4440 Brittmoore Road
Houston, Texas 77041
(713) 335-7000
(Name, address, including zip code, and telephone number,
including area code, of agent for service)
Copies to:
Eric A. Blumrosen
Gardere Wynne Sewell LLP
1000 Louisiana, Suite 3400
Houston, Texas 77002
(713) 276-5500
CALCULATION OF REGISTRATION FEE
Title of Securities to be Registered | Amount to be Registered |
Proposed Maximum Offering Price Per Share(1) |
Proposed Maximum Aggregate Offering Price(1) |
Amount of Registration Fee |
|||||
Common Stock, par value $.01 per share to be issued under the Incentive Stock Option Plan | 2,000,000 shares | $18.83 | $37,660,000 | $3,465 | |||||
Common Stock, par value $.01 per share to be issued under the 401(k) Retirement and Savings Plan(2) | 400,000 shares | $18.83 | $7,532,000 | $693 | |||||
Common Stock, par value $.01 per share to be issued under the Employees' Supplemental Savings Plan | 20,000 shares | $18.83 | $376,600 | $35 | |||||
TOTAL | 2,420,000 shares | $45,568,600 | $4,193 | ||||||
Shares of our common stock for issuance pursuant to the Universal Compression Holdings, Inc. Incentive Stock Option Plan have been previously registered under Registration Statements on Form S-8 (Registration No. 333-37648 and Registration No. 333-55260). The number of shares of common stock being carried forward is 3,012,421, and the filing fees associated with such shares that were previously paid with the earlier Registration Statements were $11,613 with Registration No. 333-37648 and $9,295 with Registration No. 333-55260.
Shares of our common stock for issuance pursuant to the Universal Compression, Inc. 401(k) Retirement and Savings Plan have been previously registered under a Registration Statement on Form S-8 (Registration No. 333-69504). The number of shares of common stock being carried forward is 100,000, and the filing fee associated with such shares that was previously paid with the earlier Registration Statement was $642.

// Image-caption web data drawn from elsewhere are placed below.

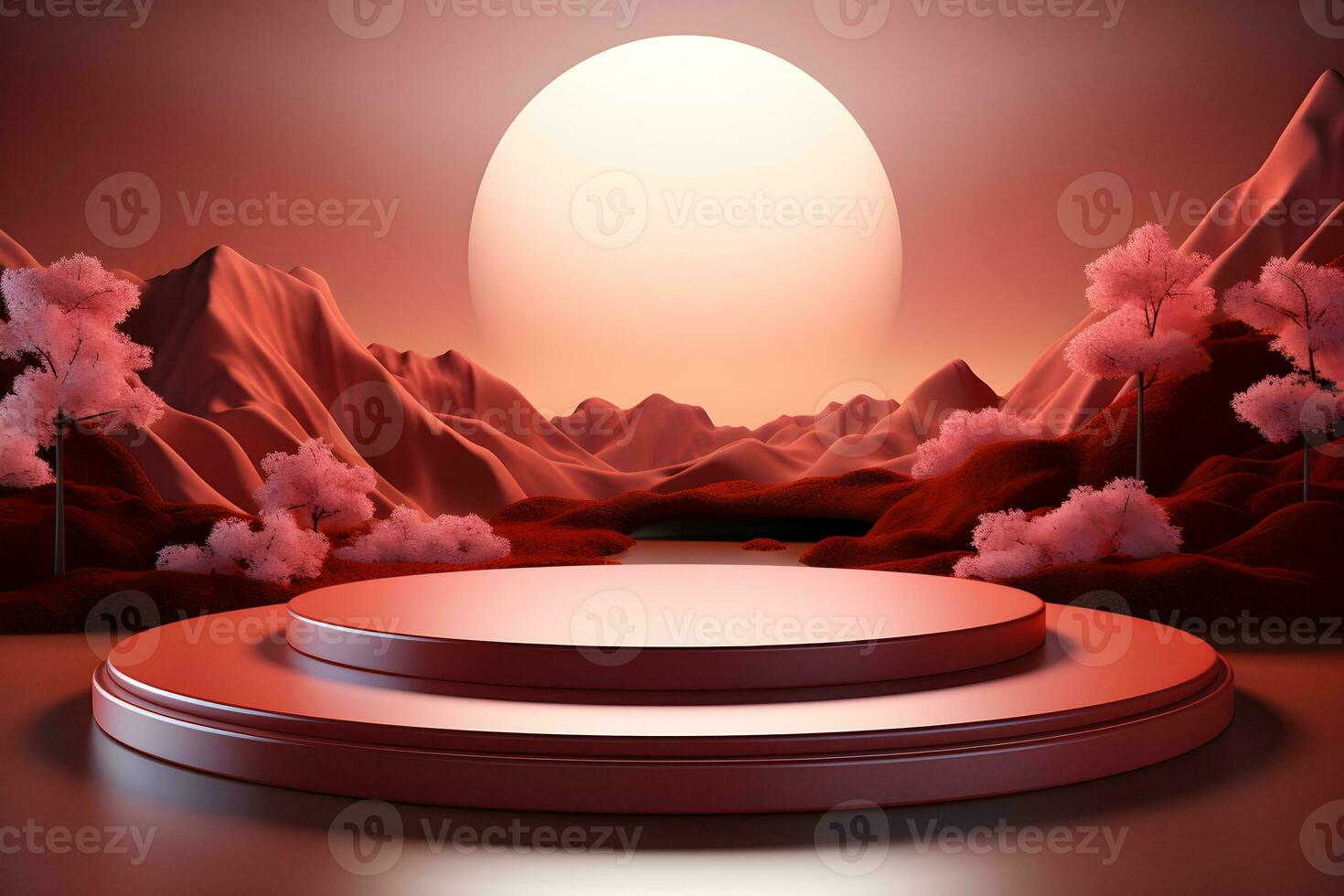 3D realistic podium for product shooting with a lot of space to put a product with Abstract scene concept AI Generative Illustration. photo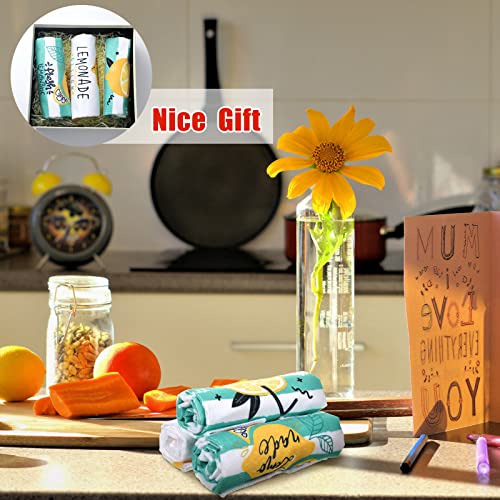 Redbaker 6 Pcs Lemon Kitchen Towels Lemonade Summer Dish Towel With Sayings Hand Towels Decorative Tea Towels For Lemon Kitchen Decor Absorbent With Hanging Loop For Bathroom Home Housewarming Gift #TOP6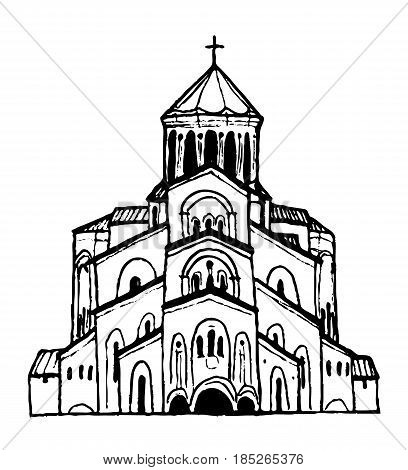 Holy Trinity Cathedral in Tbilisi, Georgia. Hand-drawn sketch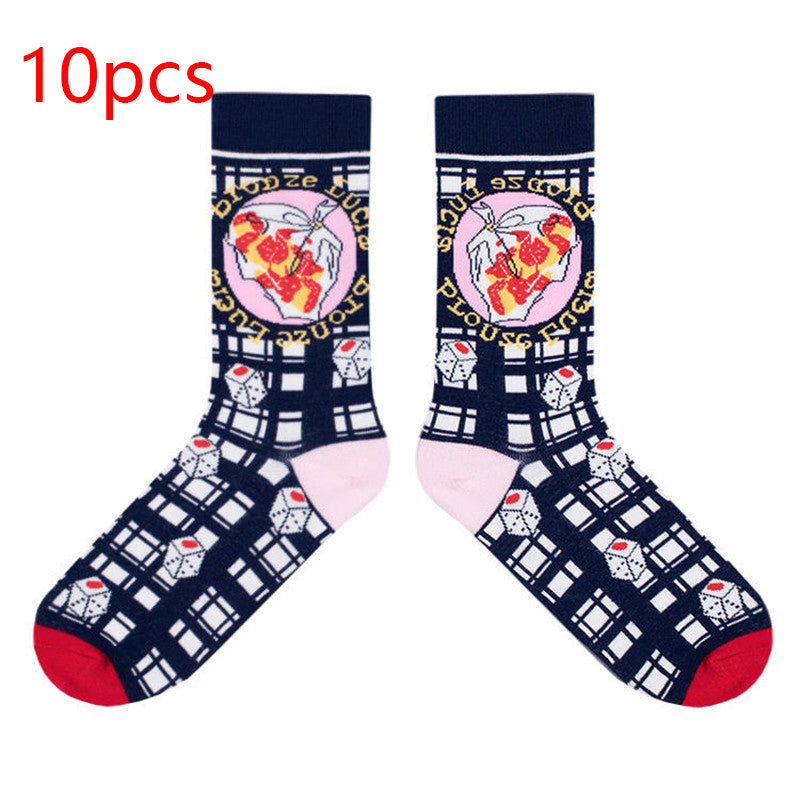 Sweet Cute Cartoon Socks Ladies Mid-tube Men's And Women's Trendy Socks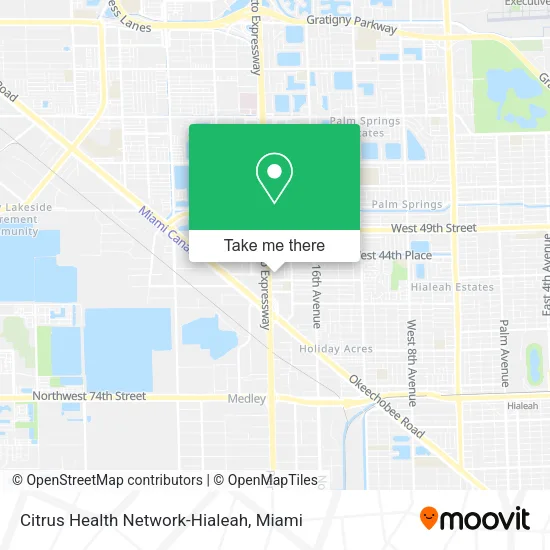 Mapa de Citrus Health Network-Hialeah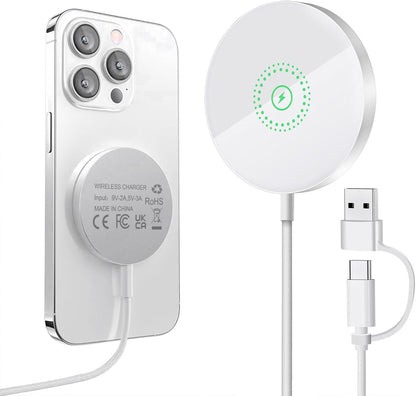 Magnetic Wireless Charger for iPhone 16/16 Pro/16 Plus/16 Pro Max,FDGAO 2 in 1 15W Fast Magnetic Charging Compatible with iPhone 15/14/13/12 Series and AirPods 4/3/Pro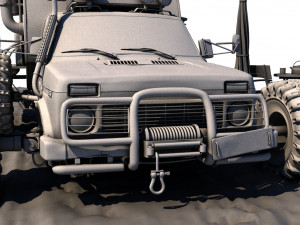 post apocalyptic caravan truck 3D 模型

Universal Compression Holdings, Inc. Incentive Stock Option Plan
On July 16, 2002, our Board of Directors adopted, subject to stockholder approval, an amendment to the Universal Compression Holdings, Inc. Incentive Stock Option Plan to increase from 3,012,421 to 5,012,421 the aggregate number of shares of our common stock reserved for issuance under the plan. The amendment to the plan was approved by our stockholders at the annual meeting of stockholders held on August 15, 2002.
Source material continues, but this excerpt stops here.